**** Records for the task ****
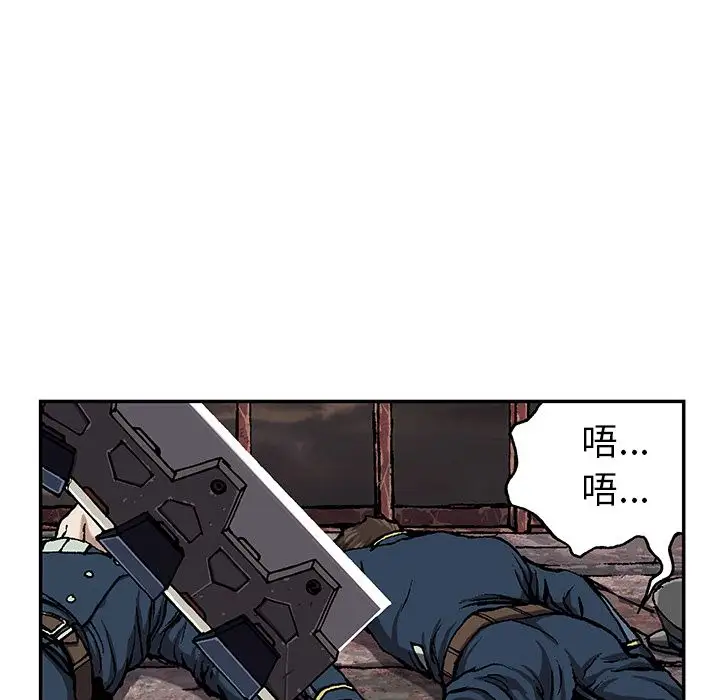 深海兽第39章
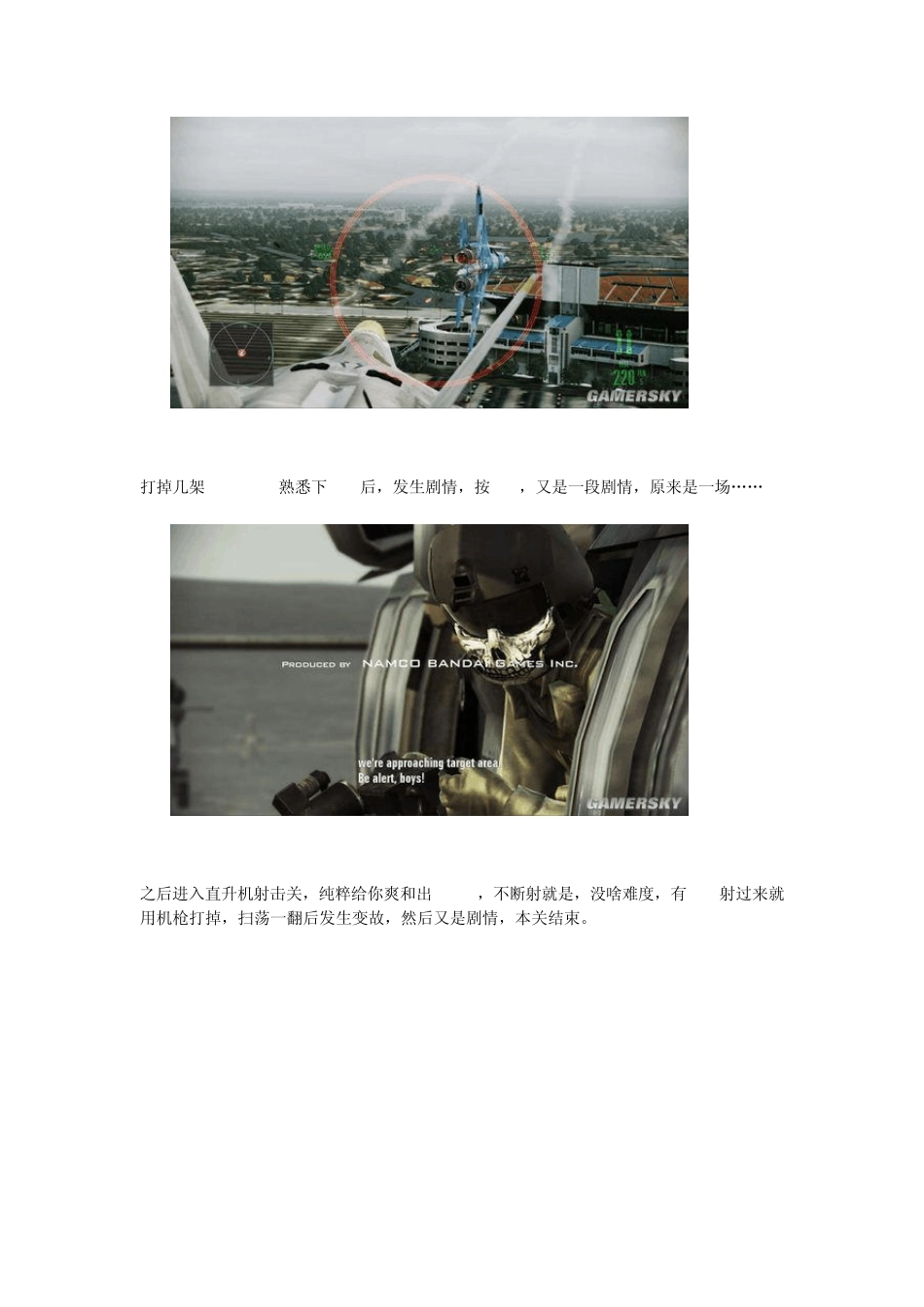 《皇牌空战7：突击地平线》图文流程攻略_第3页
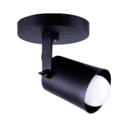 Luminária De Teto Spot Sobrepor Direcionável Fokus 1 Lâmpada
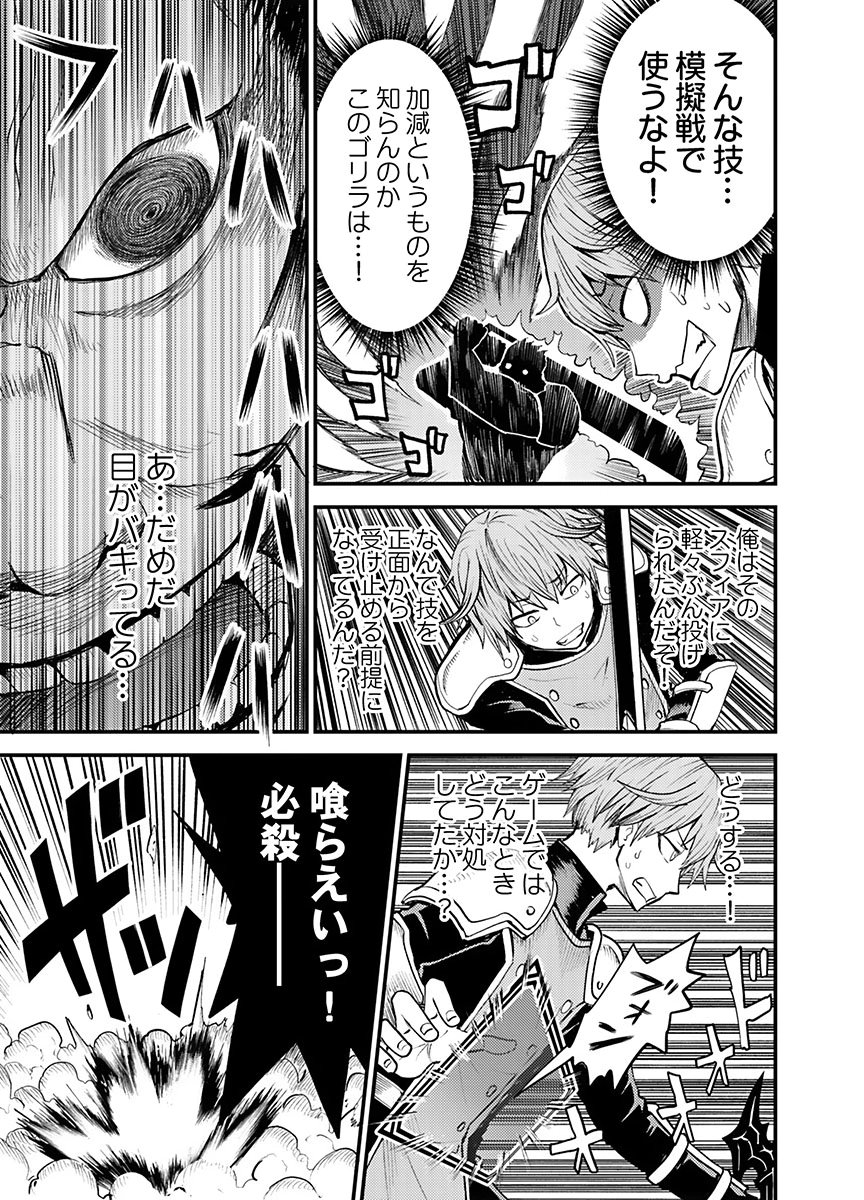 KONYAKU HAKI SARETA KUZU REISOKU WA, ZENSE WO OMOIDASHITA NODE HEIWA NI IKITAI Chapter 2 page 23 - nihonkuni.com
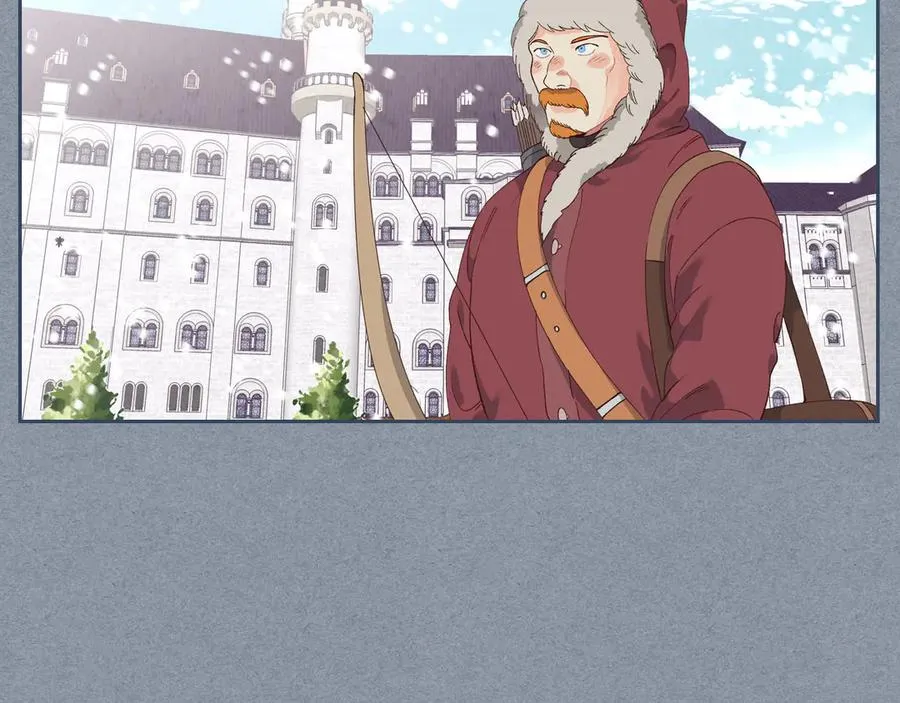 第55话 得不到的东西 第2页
****
**** Records for the task ****
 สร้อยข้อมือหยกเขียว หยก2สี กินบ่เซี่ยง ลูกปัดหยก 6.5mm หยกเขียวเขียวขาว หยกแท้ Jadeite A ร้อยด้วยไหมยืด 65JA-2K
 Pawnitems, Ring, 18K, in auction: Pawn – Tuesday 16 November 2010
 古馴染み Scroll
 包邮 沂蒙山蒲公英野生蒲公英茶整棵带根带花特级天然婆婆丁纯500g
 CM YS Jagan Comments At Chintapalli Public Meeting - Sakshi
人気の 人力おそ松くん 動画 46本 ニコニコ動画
****
**** Records for the task ****
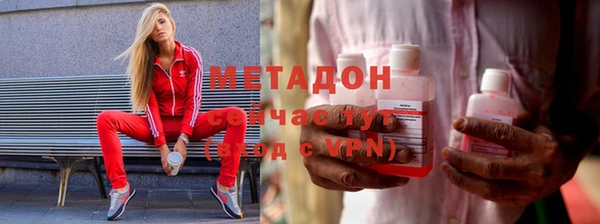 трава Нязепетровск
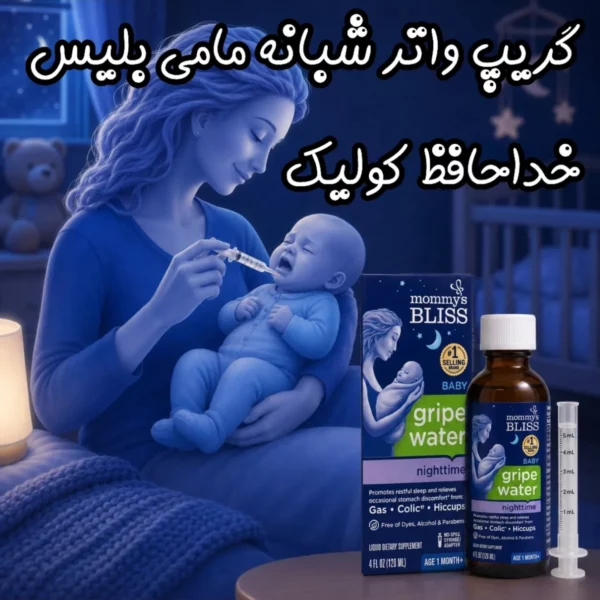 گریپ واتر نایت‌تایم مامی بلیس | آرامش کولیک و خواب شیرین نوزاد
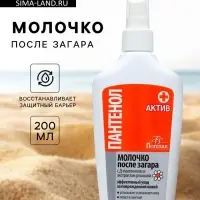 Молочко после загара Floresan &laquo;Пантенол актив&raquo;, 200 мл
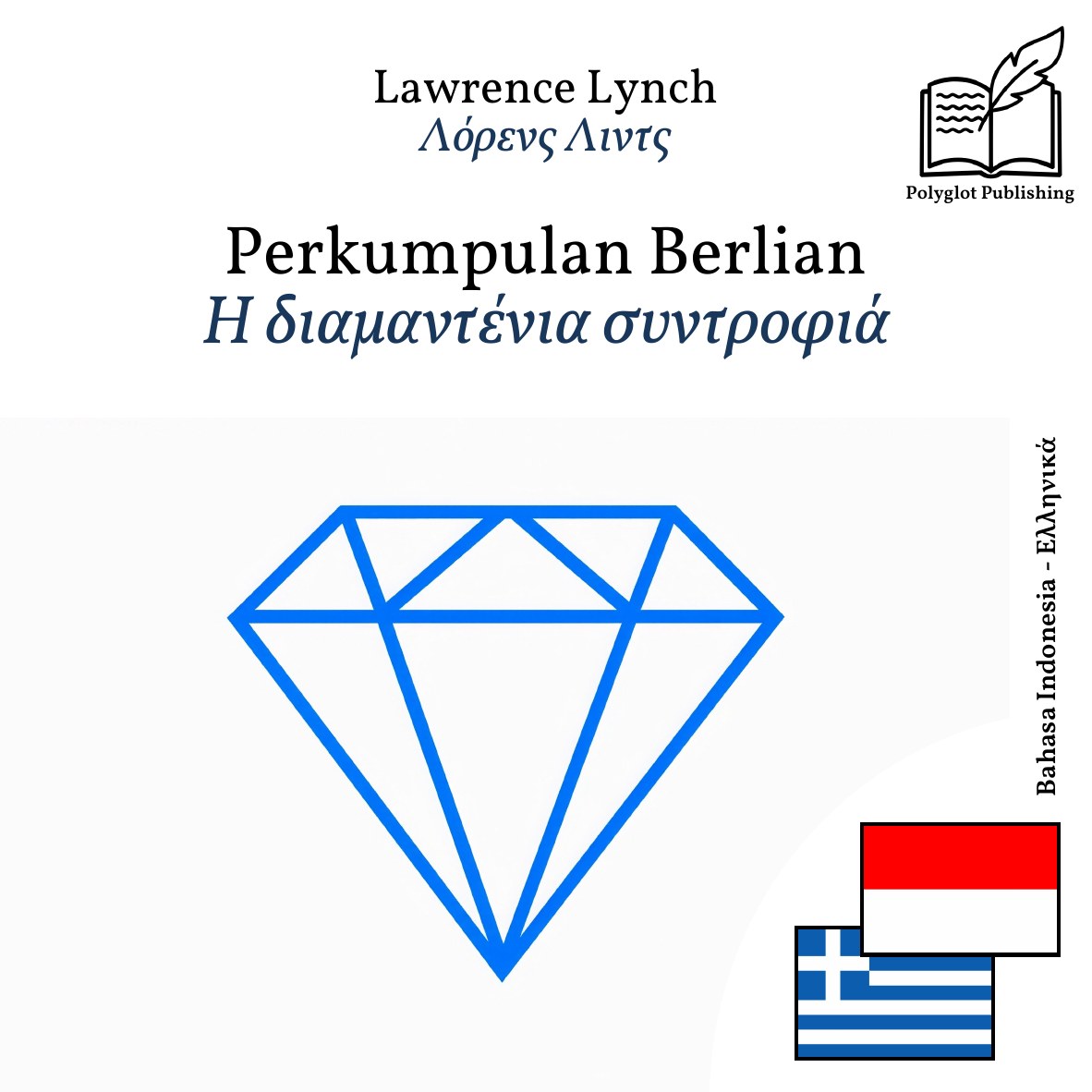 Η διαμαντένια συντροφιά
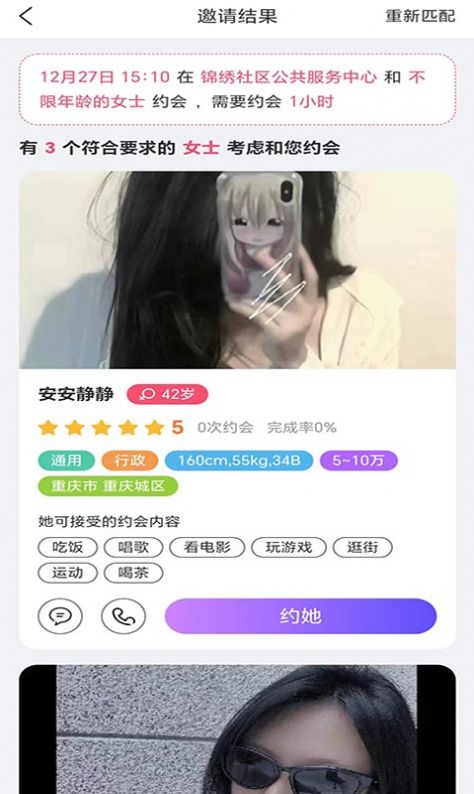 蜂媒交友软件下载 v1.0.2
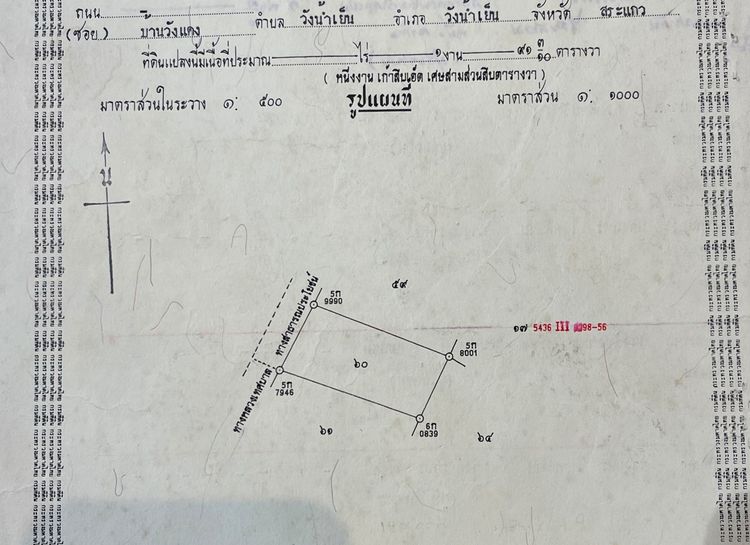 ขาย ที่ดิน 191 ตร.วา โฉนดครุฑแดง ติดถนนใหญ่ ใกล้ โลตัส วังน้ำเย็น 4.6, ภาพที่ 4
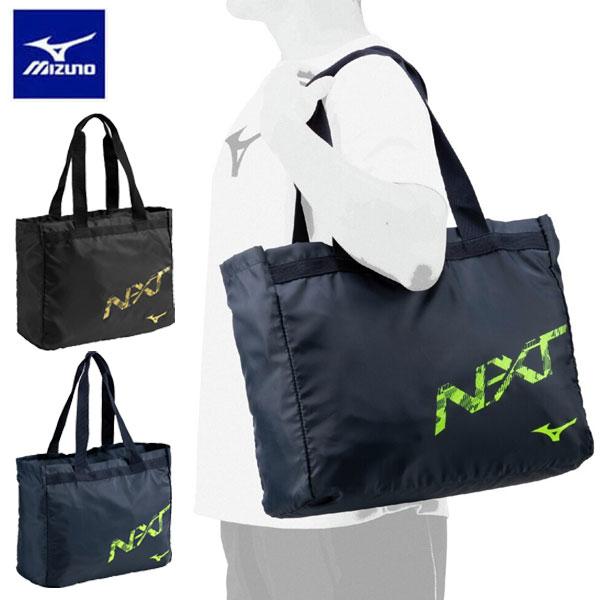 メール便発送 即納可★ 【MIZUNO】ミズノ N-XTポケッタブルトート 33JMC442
****
▶ _Problem requirements_:
Your task is to retype the entries verbatim, starting with the line that holds "包邮 沂蒙山蒲公英野生蒲公英茶整棵带根带花特级天然婆婆丁纯500g" and stopping after the line that holds "人気の 人力おそ松くん 動画 46本 ニコニコ動画".

▶ _Solution to this task_:
 包邮 沂蒙山蒲公英野生蒲公英茶整棵带根带花特级天然婆婆丁纯500g
 CM YS Jagan Comments At Chintapalli Public Meeting - Sakshi
人気の 人力おそ松くん 動画 46本 ニコニコ動画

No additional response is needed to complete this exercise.